Who do you tip? When? How much?
These are the questions that have nagged at consumers since the first service transaction. The practice of tipping is meant as a form of thank-you for services rendered, or beforehand as a subtle bribe for special treatment.
Tipping need not be considered mandatory or automatic. Too often, tips are taken for granted or expected regardless of the quality of service. Tipping should be done at your discretion and as a reward for good or superlative service.
Below are some tipping suggestions for travelers. At nearly every step of the traveling process, there are professionals waiting to “lighten your load” or provide assistance. So remember to carry a lot of change and small bills for tips.
- Taxi/Limo Drivers: A $2 to $3 tip is usually satisfactory; more if he helps you with your bags and/or takes special steps to get you to your destination on time.
- Porters: A standard tip for airport and train porters is $1 per bag; more if your luggage is very heavy.
- Hotel Bellman: Again, $1 per bag is standard. Tip when he shows you to your room and again if he assists you upon checkout. Tip more if he provides any additional service. Note: A $5 tip upon arrival can usually guarantee you special attention should you require it.

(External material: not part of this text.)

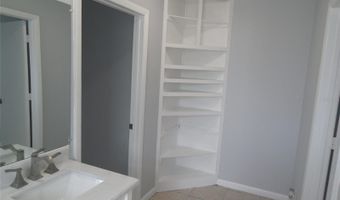 1600 ROOSEVELT Ave, Orlando, FL 32804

- Doorman: Typically, a $1 tip for hailing a taxi is appropriate. However, you may want to tip more for special service, such as carrying your bags or shielding you with an umbrella.
- Concierge: Tip for special services such as making restaurant or theater reservations, arranging sightseeing tours, etc. The amount of the tip is generally dependent on the type and complexity of service(s) provided—$2 to $10 is a standard range. You may elect to tip for each service, or in one sum upon departure. If you want to ensure special treatment from the concierge, you might consider a $10–$20 tip upon arrival.

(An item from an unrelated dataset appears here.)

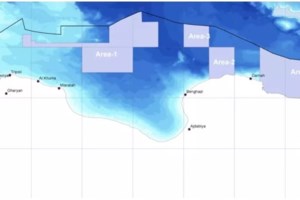 Συναγερμός για λειψυδρία στην Αθήνα - Σε ιστορικό χαμηλό τα αποθέματα νερού σε Μόρνο και Εύηνο - εικόνα 2
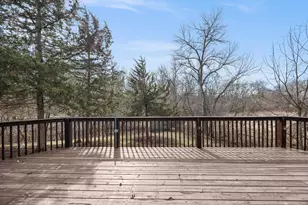 22780 CSAH 14, Darwin, MN 55324 - Photo 47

- Hotel Maid: Maids are often forgotten about when it comes to tipping because they typically do their work when you are not around. For stays of more than one night, $1 per night is standard. The tip should be left in the hotel room in a marked envelope.
- Parking Attendants: Tip $1 to $2 when your car is delivered.

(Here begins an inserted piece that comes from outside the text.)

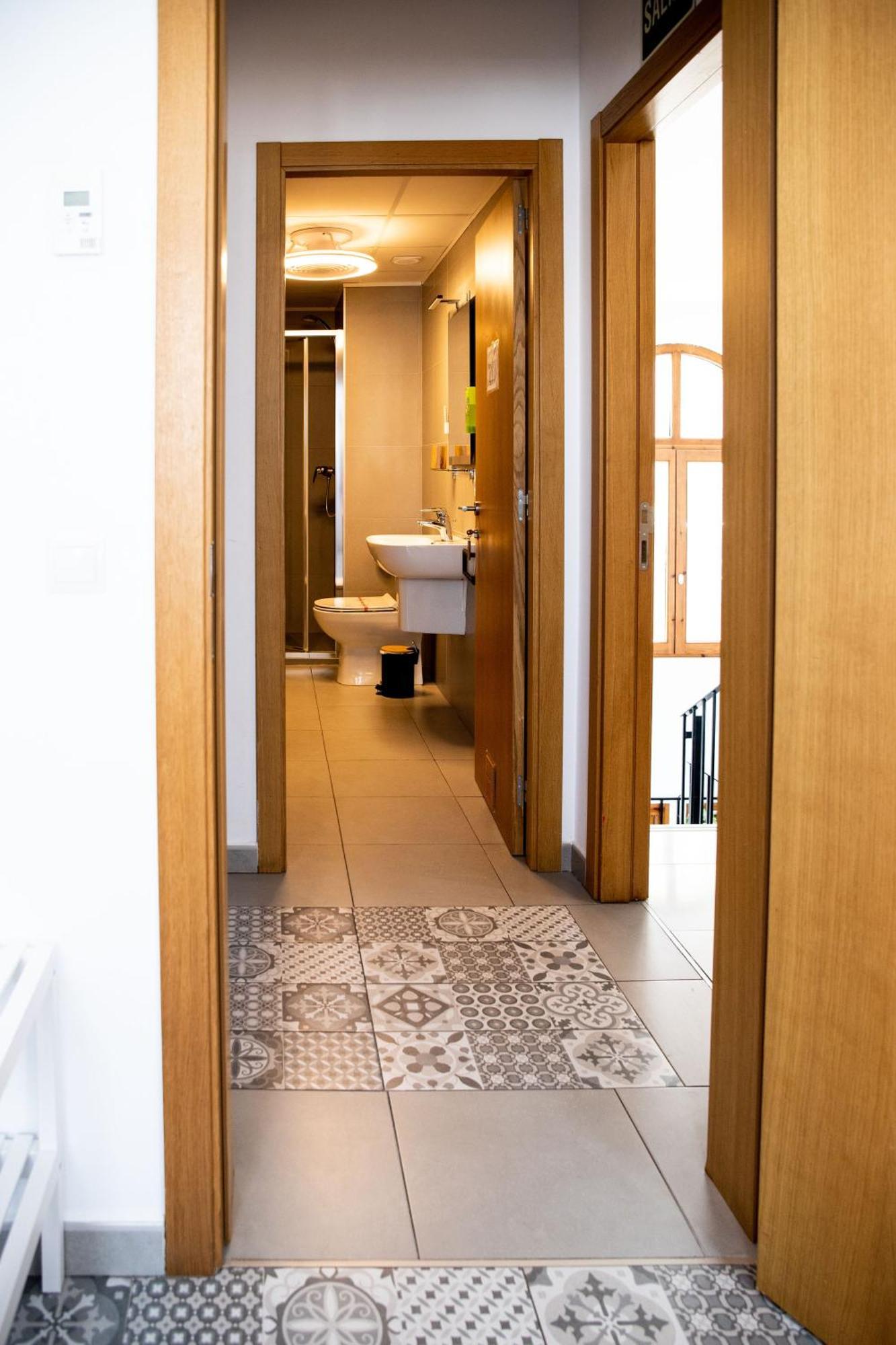 Bed & Breakfast Zalamera 3*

- Waiters: 15–20% of your pre-tax check is considered standard. The same applies for room service waiters. Some restaurants will automatically add a 15% gratuity to your bill, especially for large parties—look for it before tipping. If the 15% is added, you need only tip up to another 5% for superlative service.
- Cloakroom Attendants: If there is a charge for the service, a tip is not necessary. However, if there is no charge, or extra care is taken with your coat and/or bags, a $1 to $2 tip is appropriate.
- Tour Guides/Charter Bus Drivers: If a tip is not automatically included, tip $1 for a half-day tour, $2 for full-day tour, and anywhere from $5 to $10 for a week-long tour. Tip a private guide more.
These are some of the people you are most likely to encounter while traveling in the U.S. Undoubtedly there will be others. If there is one standard rule in tipping it is this: If someone renders special service to you along the way, show your appreciation with a tip.
NOTE: International travelers should be aware that tipping customs outside the U.S. are often very different. Consult travel guides for the country you are visiting.